── RECORDS ──

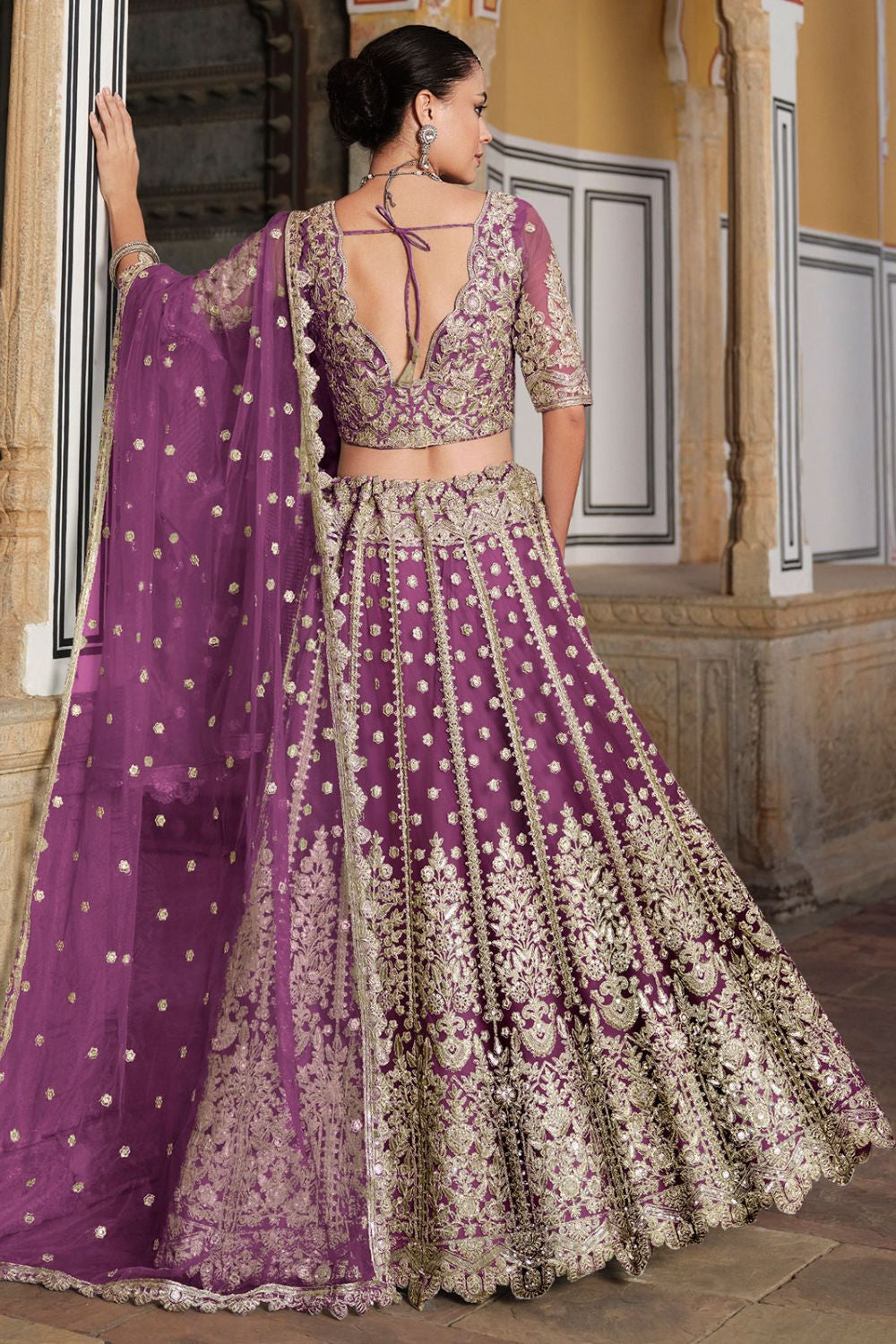 Burgundy Net Bridal Lehenga Choli SFSA478906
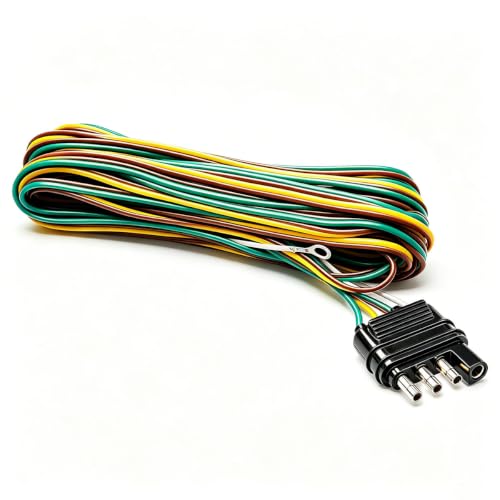 25ft 4 Wire 4-Flat Trailer Light Wiring Harness Extension Kit, Trailer Wiring Harness with 18 Gauge White Ground Wire for Trailers O-016 - size: 25FT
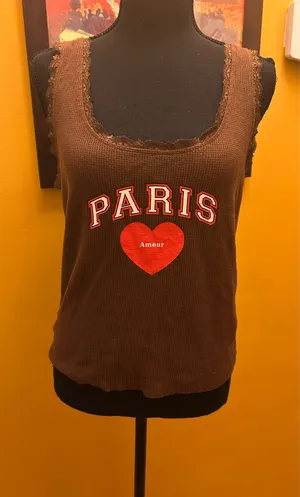 Forever 21 Paris Amour Brown Waffle Knit Tank Top Size XL thumbnail 1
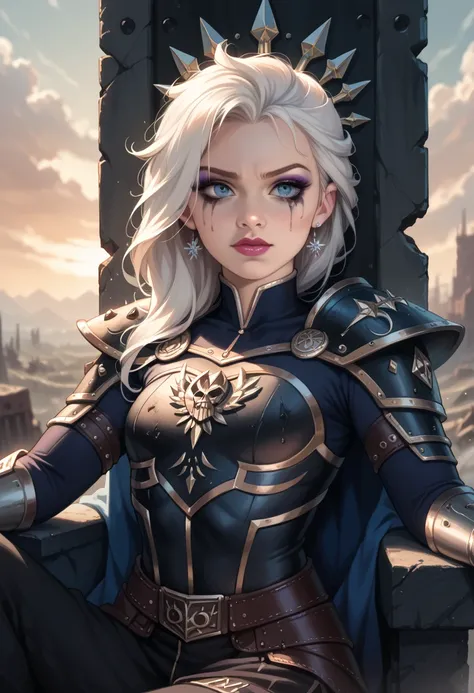 Queen Elsa with long white hair wearing dark battle armor, sitting on a throne made of human skulls, looking at the viewer with a hungry expression, outdoor apocalyptic landscape, dramatic lighting, end of days atmosphere, ultra-detailed, 8k, photorealisti...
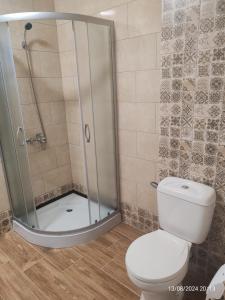 a bathroom with a shower and a white toilet at Casa Gheorghe in Balabancea +58 photos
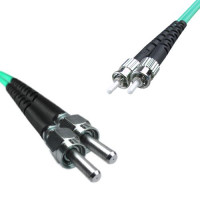 Indoor Armored Duplex SMA905/UPC to ST/UPC Patch Cord OM3 50/125 MM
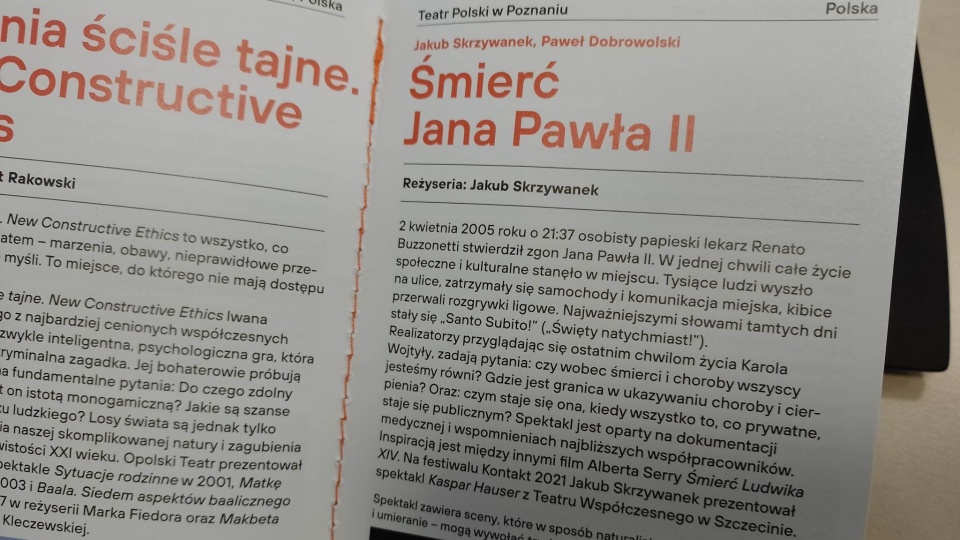 Toruńscy politycy Prawa i Sprawiedliwości chcą usunięcia spektaklu, pt. Śmierć Jana Pawła II z Międzynarodowego Festiwalu Teatralnego Kontakt/fot. Michał Zaręba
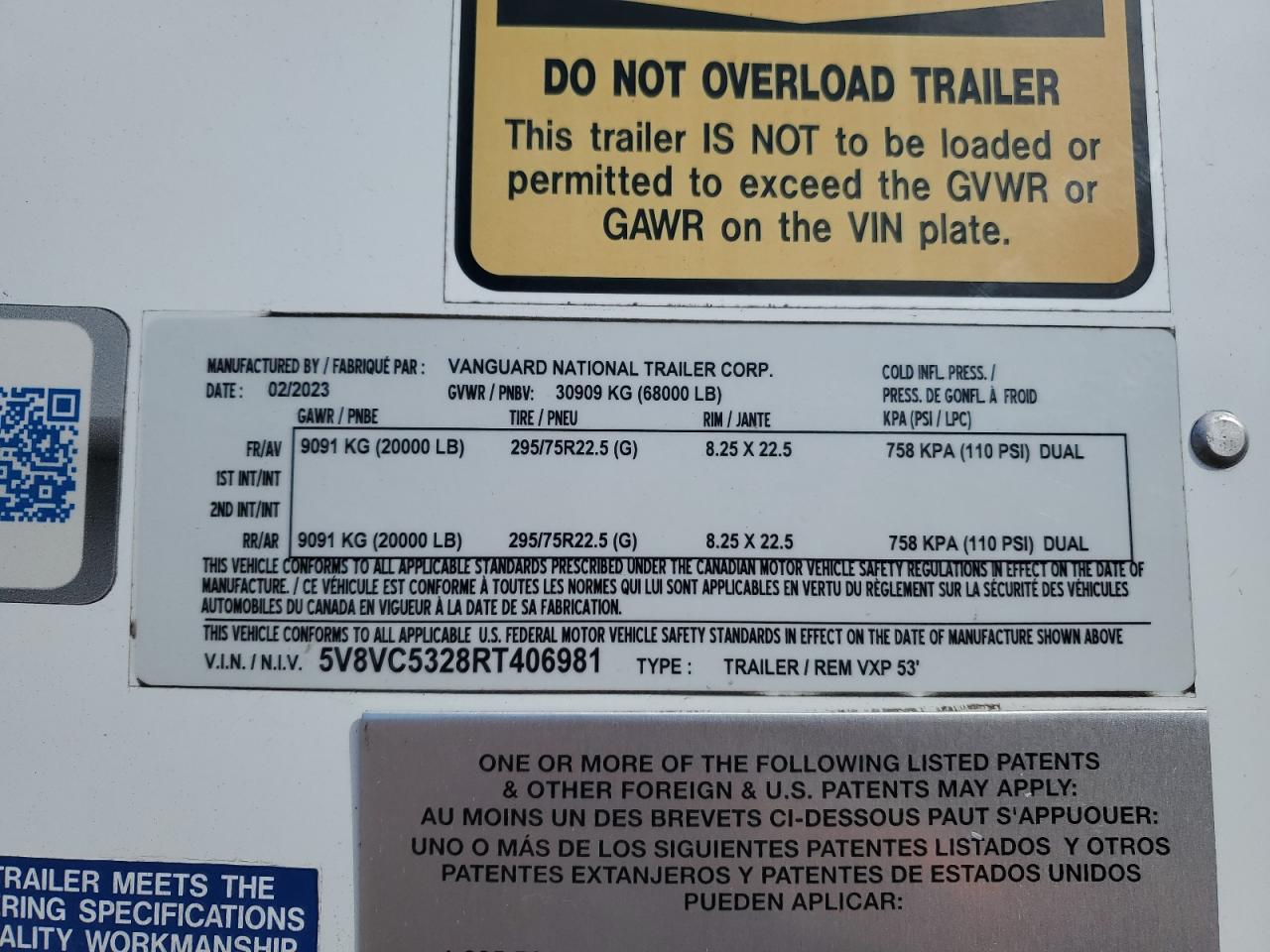 Lot #3297111499 2024 VANGUARD TRAILER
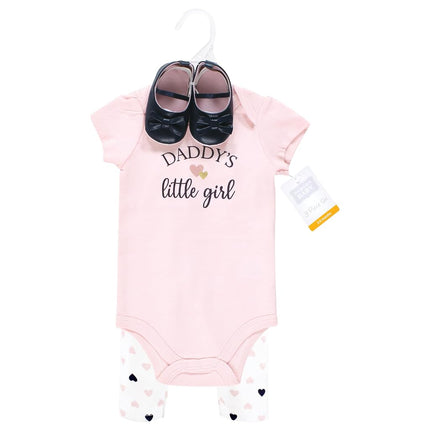 Hudson Baby Conjunto de body de algodón, pantalón y zapatos para bebé niña, Girl Daddy Rosa Azul Marino, 12-18 meses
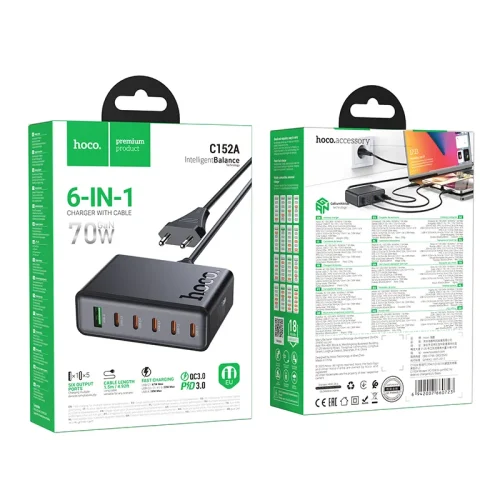 Củ Sạc PD70W Hoco C152A Modern 6 cổng (5C1A) bàn (EU)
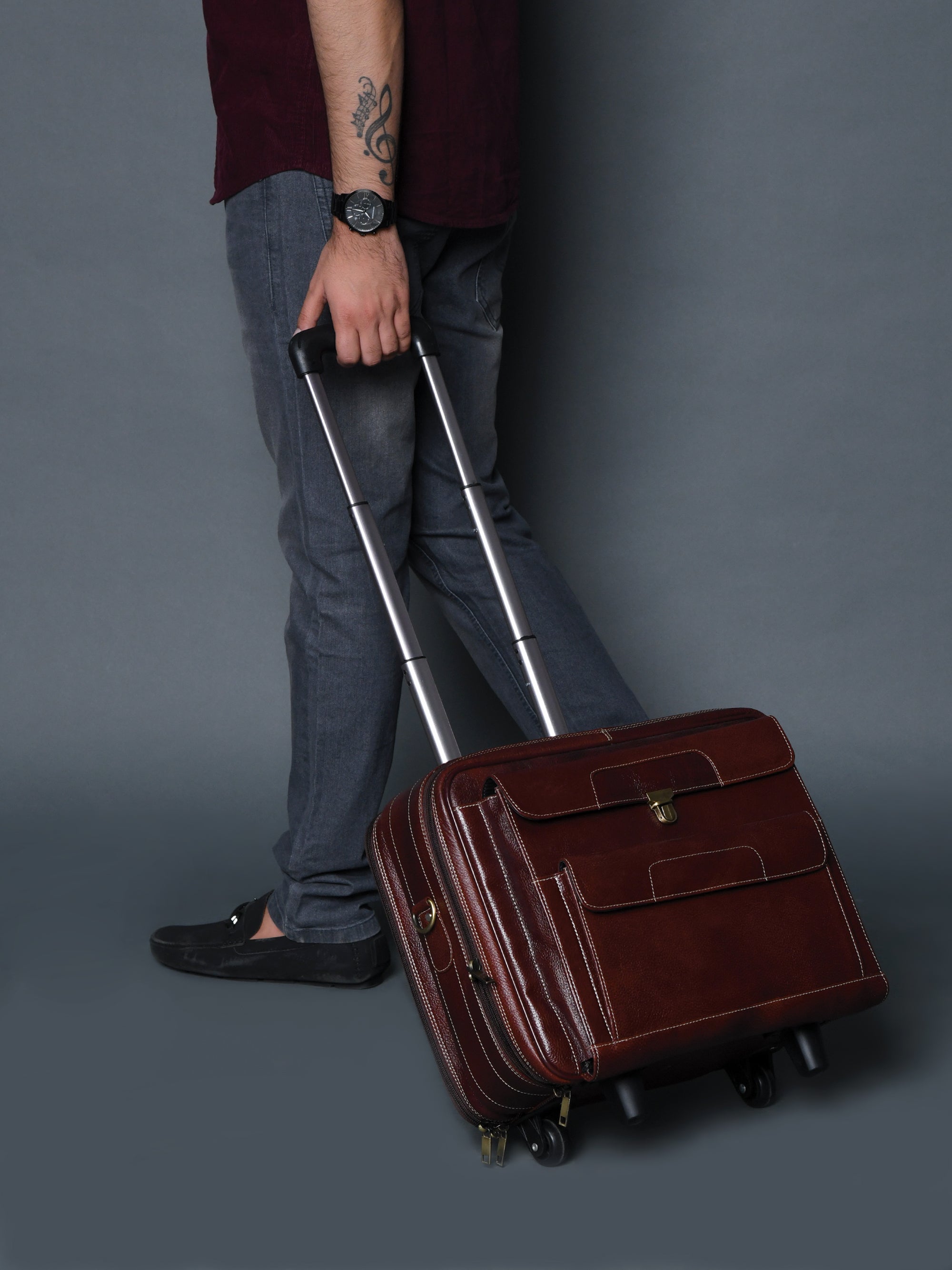 Wanderer Leather Trolly Suitcase Bag | Backcountry Sportsman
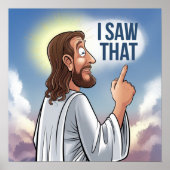 Christelijke Jezus kijkt naar je, Jezus, dat heb i Poster (Voorkant)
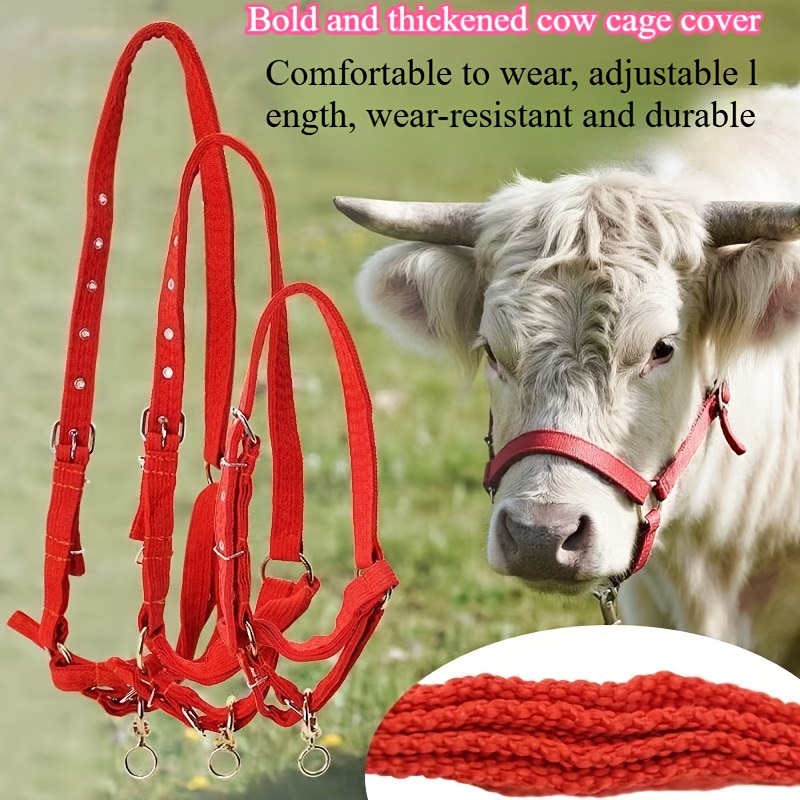 Durable Nylon Livestock Halter with Yard Firm Adjustable Buckle, Designed for Heavy-Duty Use, Suitable for Cattle, Horses, and Donkeys, Ideal for Farming, Cattle Handling, and Livestock Management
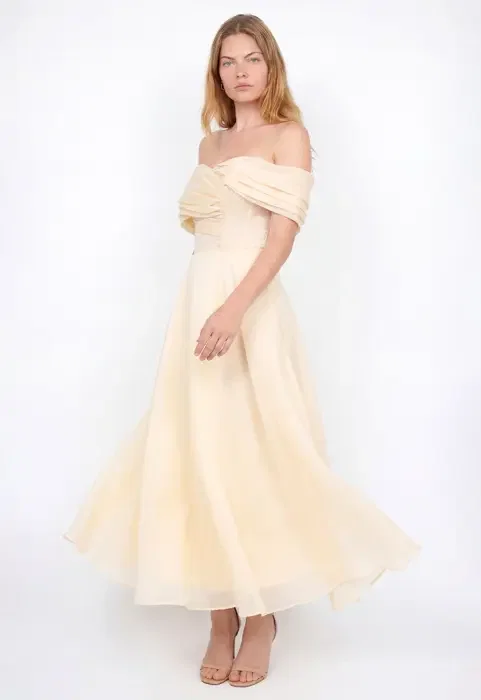 Draped Off-Shoulder Midi Dress image 3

───

WHAT YOU NEED TO DO
Look above for the line with "25ft 4 Wire" and copy exactly from it through the line with "Indoor Armored Duplex", both included. Omit the pictures.

ANSWER BELOW
 25ft 4 Wire 4-Flat Trailer Light Wiring Harness Extension Kit, Trailer Wiring Harness with 18 Gauge White Ground Wire for Trailers O-016 - size: 25FT
 Forever 21 Paris Amour Brown Waffle Knit Tank Top Size XL thumbnail 1
 Queen Elsa with long white hair wearing dark battle armor, sitting on a throne made of human skulls, looking at the viewer with a hungry expression, outdoor apocalyptic landscape, dramatic lighting, end of days atmosphere, ultra-detailed, 8k, photorealisti...
 a bathroom with a shower and a white toilet at Casa Gheorghe in Balabancea +58 photos
 Indoor Armored Duplex SMA905/UPC to ST/UPC Patch Cord OM3 50/125 MM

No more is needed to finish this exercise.